- Genre: Reality
- Created by: MTV Poland
- Country of origin: Poland
- Original language: Polish
- No. of series: 4
- No. of episodes: 32

Production
- Running time: 42 minutes (excluding adverts)
- Production company: Dragon Head

Original release
- Network: MTV
- Release: 7 November 2016 – 5 November 2018

Related
- Ex on the Beach Warsaw Shore

= Ex on the Beach Poland =

Polish reality television series

Ex on the Beach Poland is a Polish reality television series that broadcast on MTV Poland. The series' premiere date was announced on 17 October 2016 and the show premiered on 7 November 2016. It features eight single men and women enjoying a summer holiday in paradise whilst looking for love. However, they were joined by their exes to shake things up. Each ex was there either for painful revenge or to rekindle their love. This is another Polish adaptation of a foreign series by MTV Poland after Warsaw Shore.

==Series==

| Year | Series | Predominant Location | Number of Episodes | Average MTV viewers |
| 2016 | Series 1 | Hvar, Croatia | 8 | TBA |
| 2017 | Series 2 | Hvar, Croatia | 8 | 58 739 |
| Series 3 | Ayia Napa, Cyprus | 8 | TBA |
| 2018 | Series 4 | Ayia Napa, Cyprus | 8 | 64 556 |

=== Series 1 (2016) ===

The first series of Ex on the Beach Poland was announced by MTV Poland on 17 October 2016. The show was confirmed to take place on the island of Hvar, Croatia. The first contestant whose identity was announced was Wojtek Gola, Warsaw Shore cast member. The official list of cast members was released on 24 October 2016 and includes four single boys: Wojtek Gola, Adam Zając, Michał Spała and Dawid Ambro; as well as four single girls: Jola Mróz, Marta Różańska, Sandra Sarapata and Joanna Kościak. The show premiered on 7 November 2016.

=== Series 2 (2017) ===

The second series of the show was announced on 6 March 2017. The series began airing on 10 April 2017. Ahead of the premiere it was confirmed that the series would be filmed on the island of Hvar, Croatia. The first contestant whose identity was announced was Warsaw Shore star Piotr Polak. The official list of cast members was released on 27 March 2017 and includes four single boys: Piotr Polak, Damian Graf, Jacob Urbanowicz and Filip Ćwiek; as well as four single girls: Lena Bator, Martyna "Mała" Chmielewska, Kornelia Anna and Patrycja Dillinger. With the announcement of the line-up it was confirmed that Ex on the Beach Poland cast member and star of the first series, Jola Mróz, would be making her return as an ex alongside star Piotr Polak.

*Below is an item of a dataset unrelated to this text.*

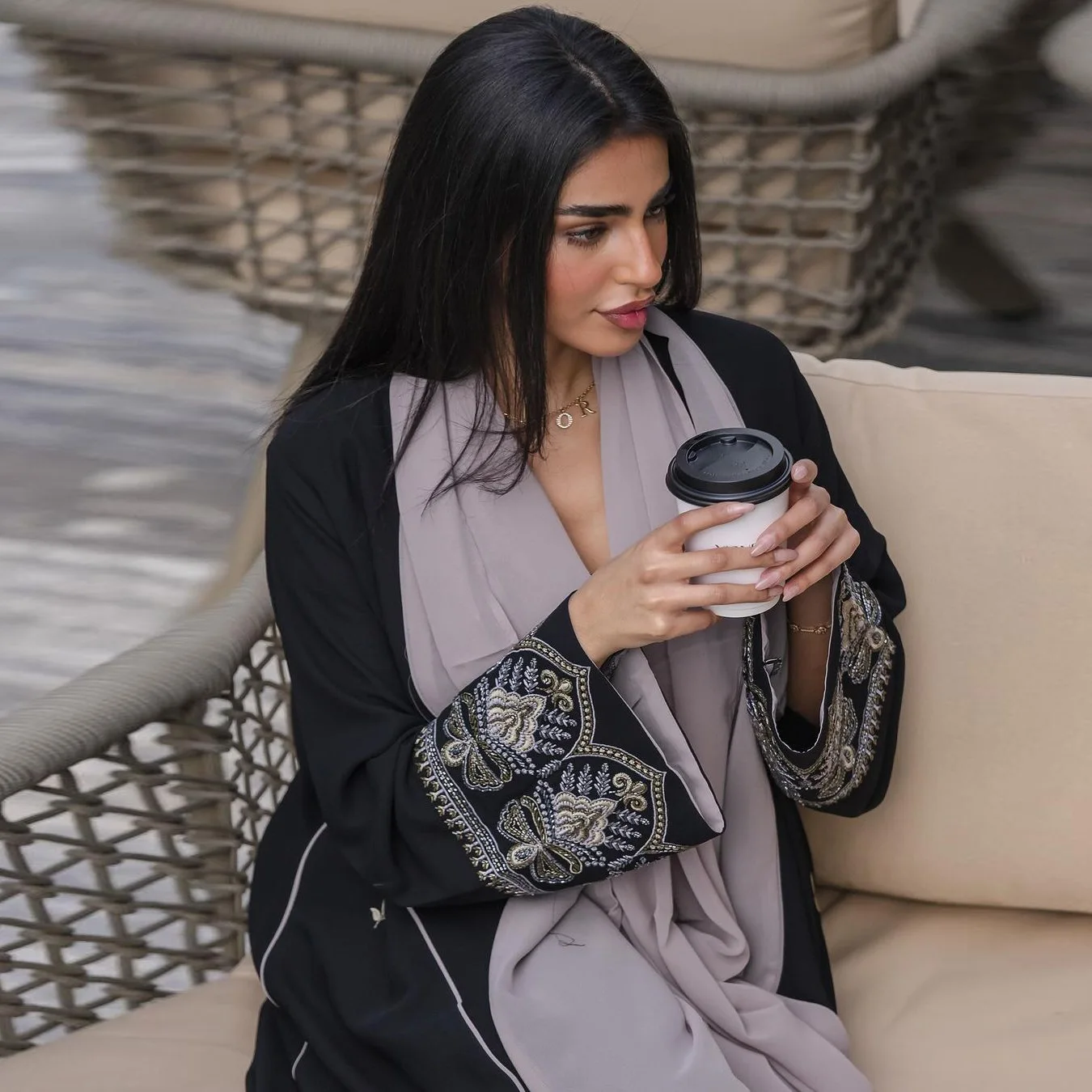 Рамадан ИД черная вышивка открытая скромная абайя Дубай лето 2024 мусульманское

Warsaw Shore cast member Magda Pyznar was also confirmed to be taking part in the series featuring as an ex.

=== Series 3 (2017) ===

The third series of the show was announced on 12 October 2017. The series began airing on 30 October 2017. Ahead of the premiere it was confirmed that the series would be filmed on Cyprus. The first contestant whose identity was announced was Warsaw Shore star Alan Kwieciński and Marta Hrycyk, who appeared on the fourth series of Warsaw Shore: Summer Camp as a guest and close friend of Warsaw Shore cast member Damian Zduńczyk. The official list of cast members was released on 25 October 2017 and includes four single boys: Alan Kwieciński, Denis Ilbeyli, Hubert Korczak and Norbert Hawryluk; as well as four single girls: Alicja Nikola "Nicki Queen" Kolasińska, Joanna Kasprzyk, Marta Hrycyk and Monika "Esmeralda" Godlewska. Ahead of the launch of the new series, it was confirmed that Series 2 cast member Hubert Korczak would be returning for the third series as main cast. Warsaw Shore cast member Damian Zduńczyk was also confirmed to be taking part in the series featuring as an ex.

=== Series 4 (2018) ===

The fourth series of the show was announced on 21 August 2018. The series began airing 17 September 2018. Ahead of the premiere it was confirmed that the series would be filmed once again on Cyprus. The first contestant whose identity was announced was two Warsaw Shore stars Anna "Duża" Ryśnik and Bartek Barański. The official list of cast members was released on 31 August 2018 and includes four boys: Bartek Barański, Bartek "Gimi" Gimiński, Kasjusz "Don Kasjo" Życiński and Maciej Rataj; as well as four girls: Anastasiya Yandaltseva, Anna "Duża" Ryśnik, Ewa Piekut and Ismena Stelmaszczyk. With the announcement of the line-up it was confirmed that Ex on the Beach Poland cast member and star of the first series, Dawid Ambro, would be making his return as an ex alongside star Ismena Stelmaszczyk.